BACKGROUND OF THE INVENTION 1. Field of the Invention The present invention relates to AC / AC isolation measuring transducers for an electrical voltage or current.

BACKGROUND OF THE INVENTION

The alternating current circuits for measurement purposes, which also provide the galvanic isolation function of the transmitter output circuit from the circuit being measured, are based on the transmission of electric current through a magnetic field, an electric field in capacitors, or an electromagnetic field in optical transmission elements. The known circuits work in principle either with direct conversion by means of a magnetic field generated by the measured current or by converting the measured current to an auxiliary quantity which is transferred via a magnetic, electric or electromagnetic field to the galvanically isolated part of the circuit. . Transmitters based on the Snake phenomenon are also known which directly convert the magnetic field created by the measured current to the output voltage, but the accuracy of the conversion is limited by the relatively low stability of the parameters of the Snake probes. Therefore, they are virtually not used in precision applications. The advantage of current transmission through the magnetic field in transformers is that the transmission is direct, and hence in principle allows maximum transmission accuracy. For this reason, only transformers are practically used for accurate conversion. The disadvantage of direct current transfer through the transformer is that the presence of a DC component in the measured current affects the magnetic properties of the transformer core and thus reduces the accuracy of the transfer. Methods of electronic compensation of the influence of the direct current component of the measured current on the transmission are known, their common disadvantage is the need for a complicated electronic and magnetic circuit, which brings a considerable increase in realization costs.

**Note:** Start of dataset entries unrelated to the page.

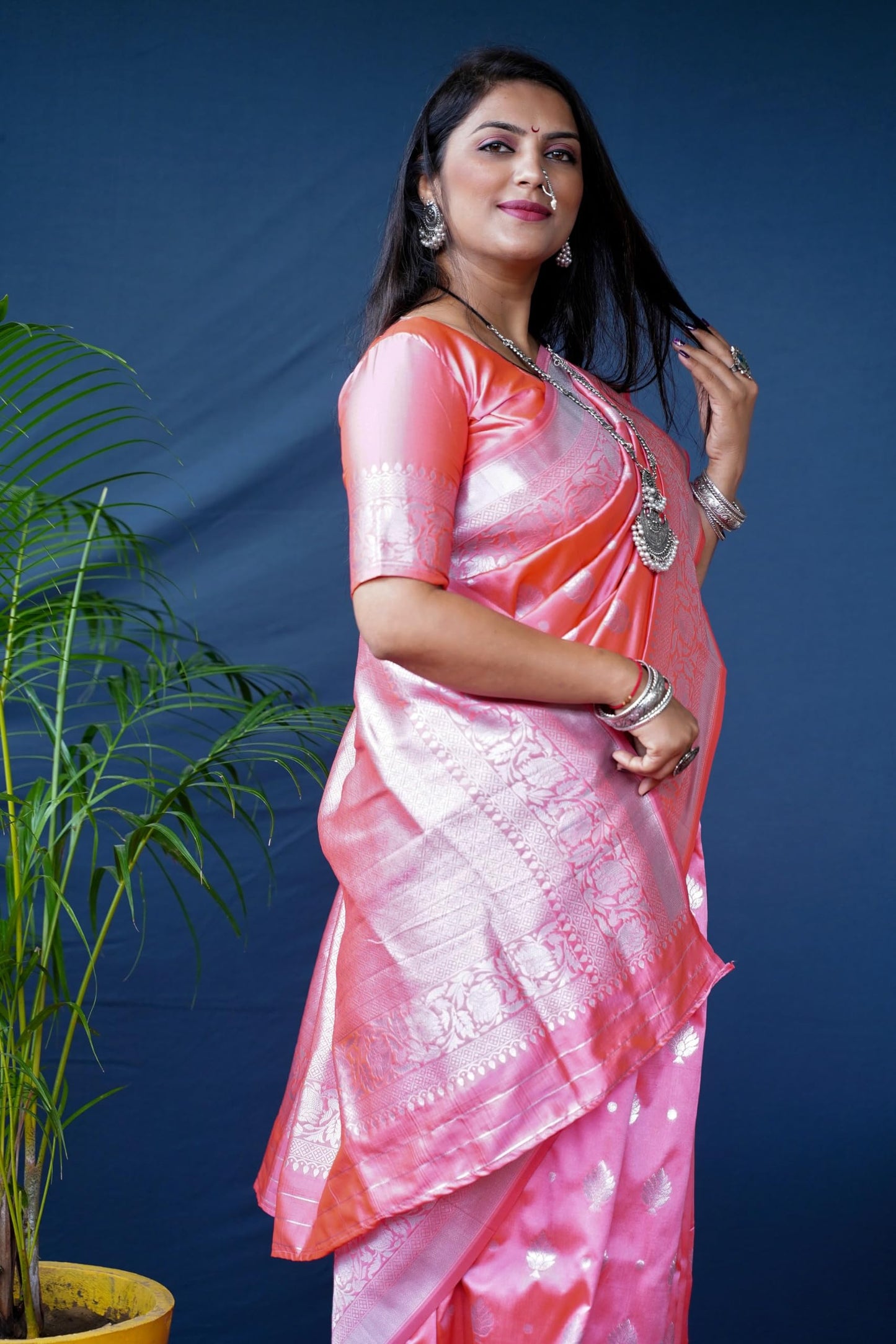 AMIRAT Women's Banarasi Silk Saree and Unstitched Blouse Piece with Heavy Floral Border Jacquard Woven Zari | Saree Blouse for Women | Peach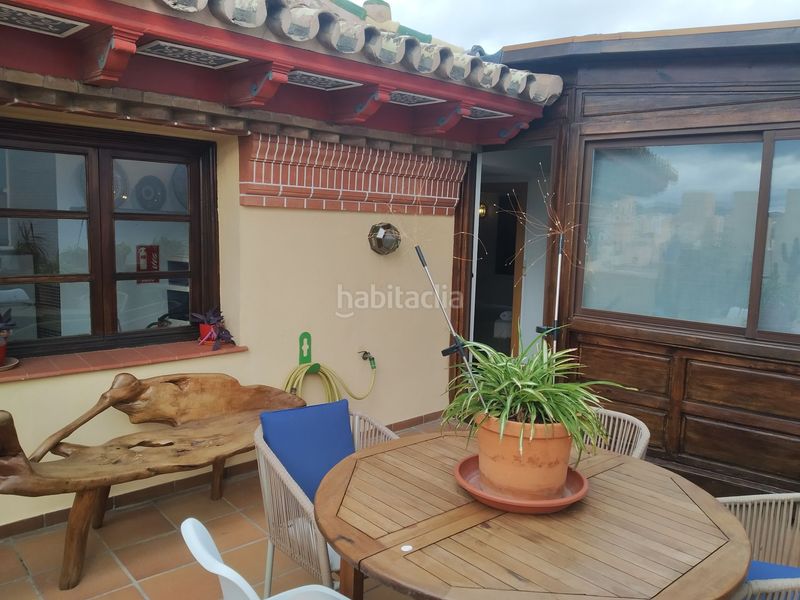 Foto d5a5b911-74c4-47d3-b782-01760dc9483e. Alquiler ático espectacular ático de un dormitorio con dos terrazas en el centp en Málaga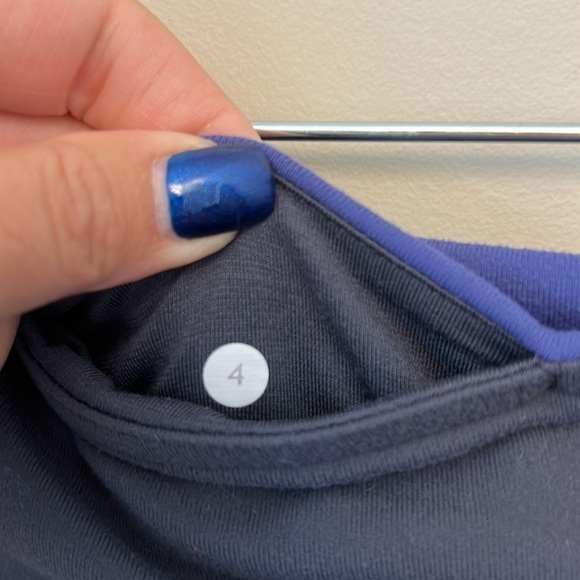 Lululemon Groove Crop Reversible Pants in Coal / Royalty / Royalty Space Dye - Picture 10 of 16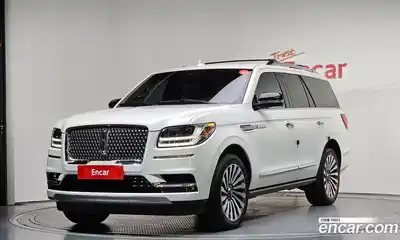 Lincoln Navigator 2021 3.5 автомат (гидро), миниатюра 1 Lincoln Navigator 2021 3.5 автомат (гидро), миниатюра 1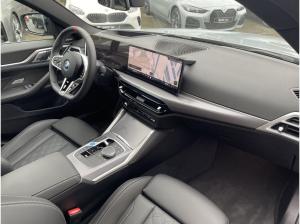 BMW i4 M50 xDrive BLP:90.770,-EUR || AHK Glasdach
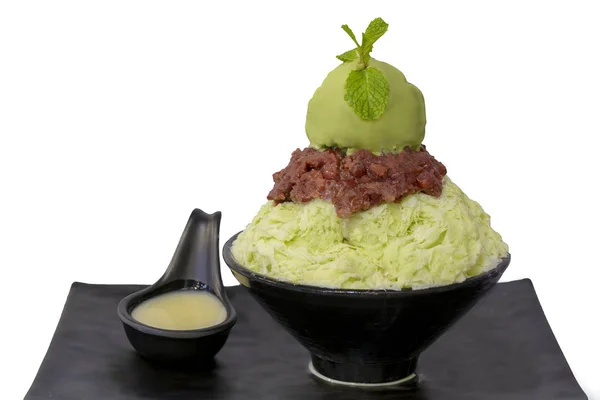 Bingsu greentea Milch mit Eiscreme greentea und roten Bohnen — Stockfoto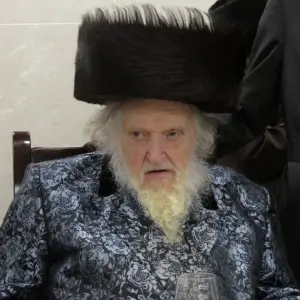 ראב״ד העדה החרדית הגאון רבי משה שטרנבוך שליט"א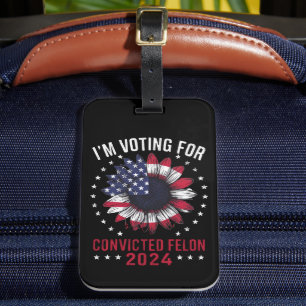 Etiqueta De Bagagem Estou votando no réu condenado pró Trump 2024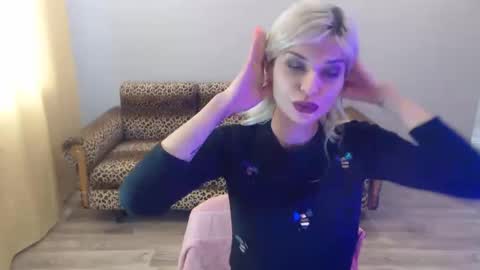 Snapshot of sexybeatriice chatting on January 26, 7:21 am sexybeatriice online show from January 26, 7:21 am
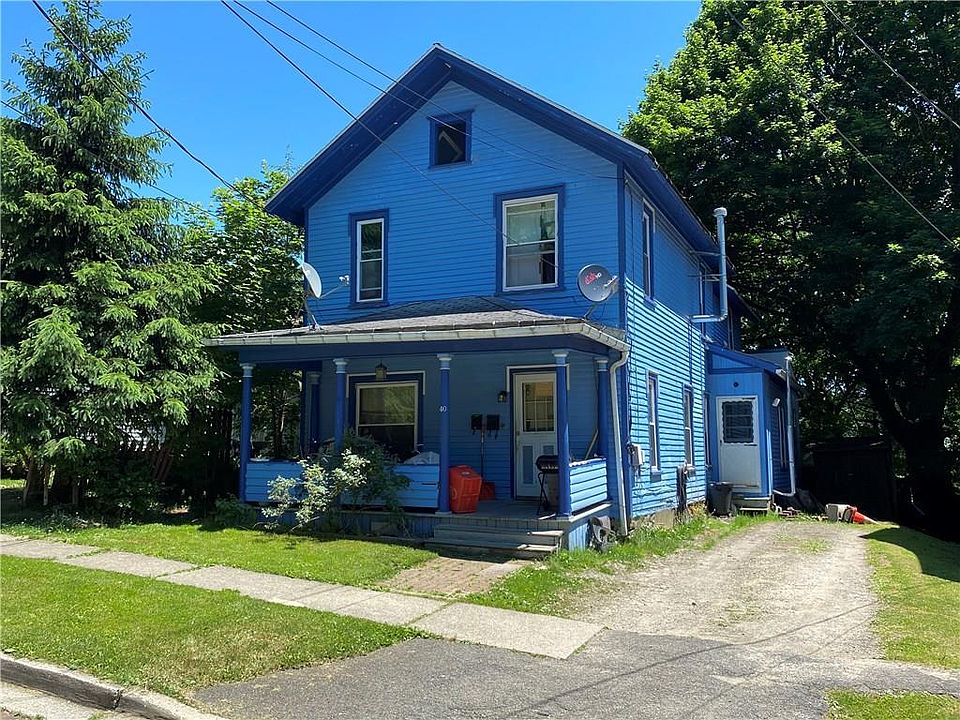 2nd image of 40 Bush St
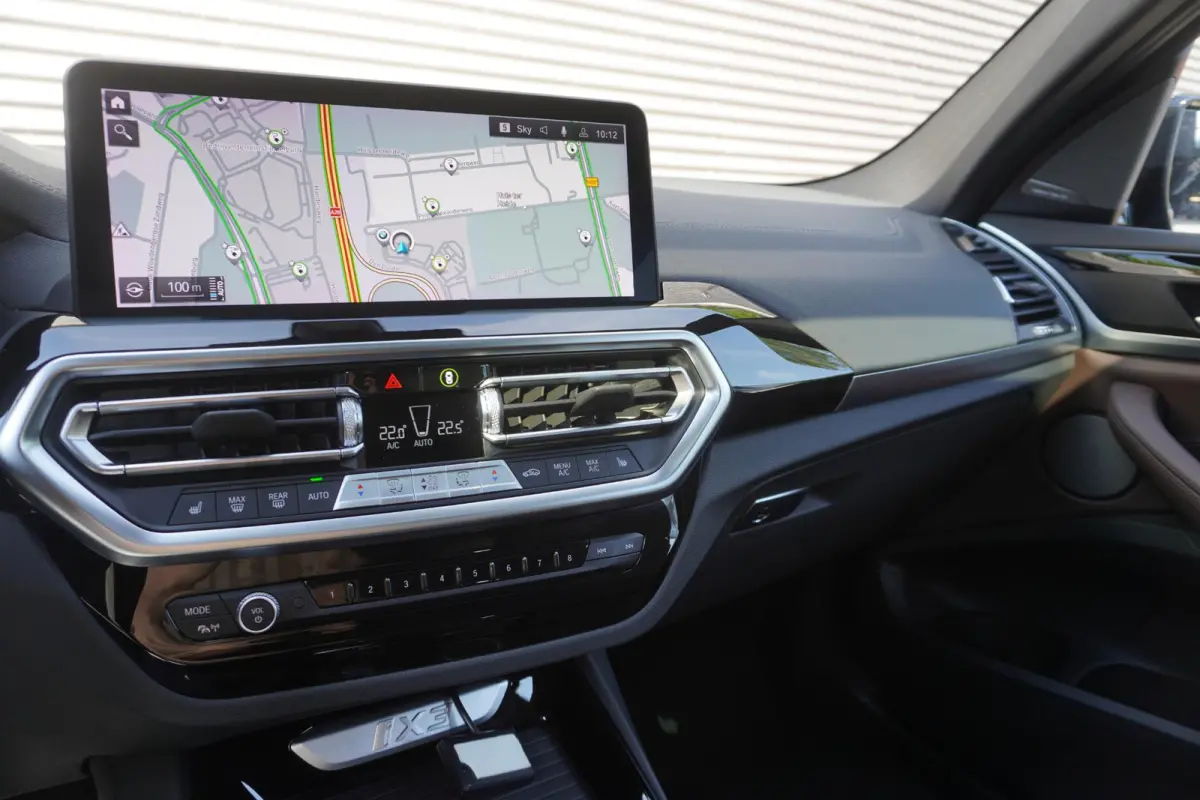 | High Executive | 20 inch LM aerodynamisch (Styling 890 M) in Bicolor Jet Black | Comfort Access | BMW Head-Up Display | HIFI System Harman Kardon | Driving Assistant Professional
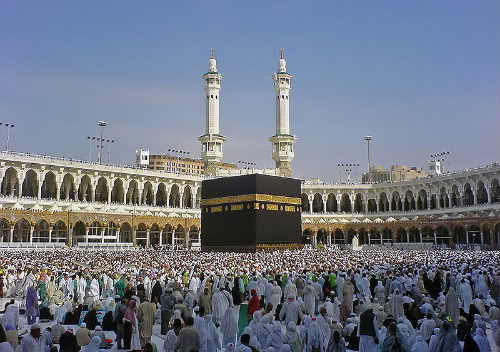 "Kaaba i Mekka" by Muhammad Mahdi Karim is licensed under CC BY-SA 2.5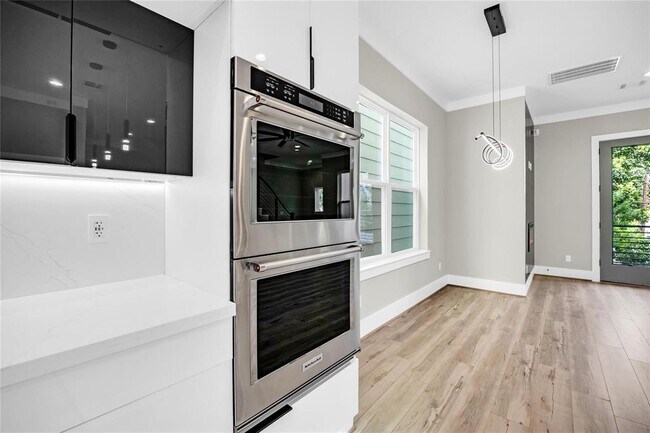 Building Photo - 604 W 28th St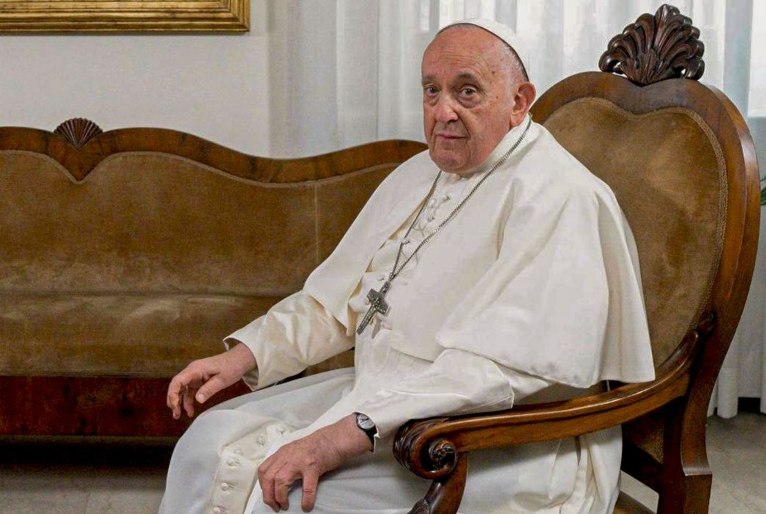 papa-tem-mais-uma-“noite-tranquila”-e-esta-descansando,-diz-vaticano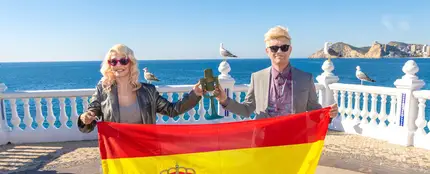 Mark y Mery de Nebulossa, ganadores del Benidorm Fest 2024 Mark y Mery de Nebulossa, ganadores del Benidorm Fest 2024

There is also known a method of transferring alternating current without a ferromagnetic core, in which the measuring transducer consists of an excitation winding, from which a voltage is induced into the sensing winding via mutual inductance and this output voltage is then phase corrected in an electronic phasing circuit. Due to the problematic suppression of the influence of external magnetic fields, this method is only used for high frequency applications.

SUMMARY OF THE INVENTION

AC measuring transducer consisting of an excitation winding and a sensing winding connected to the input of an electronic phasing circuit. The drive winding conductor is shaped into a planar or spatial periodic array of parallel sections of the conductor, which are oriented in such a way that the electric current in opposite parallel sections is opposite to one another. This conductor arrangement creates a periodic spatial magnetic field in the space filled by the excitation winding. Outside this space, the magnetic field quickly disappears. The sensing winding formed by the conductor guided in parallel with the excitation winding is oriented synchronously with the periodic magnetic field and therefore the partial contributions of the periodic field-induced voltage in the sensing winding are calculated. The external magnetic field has little effect on the resulting induced voltage, since its partial contributions are compensated for each other in opposite directions. Another advantage of the spatial arrangement of the excitation winding according to the invention is the rapid disappearance of the magnetic field of the excitation winding outside this winding, which is manifested also by the reduction of the influence of the surrounding properties on the mutual coupling of the excitation and sensing windings.

By shielding the electrically conductive material placed between the excitation and sensing winding conductors, it is possible to suppress the parasitic capacitive transmission of the voltage signal from the excitation to the sensing winding.

Placing the excitation winding and sensing winding together in the cavity of the electrically conductive material body reduces the coupling of both windings to the environment, thereby reducing the radiation, the effect of the environment on the coupling coefficient and the sensitivity of the transmitter to external magnetic fields.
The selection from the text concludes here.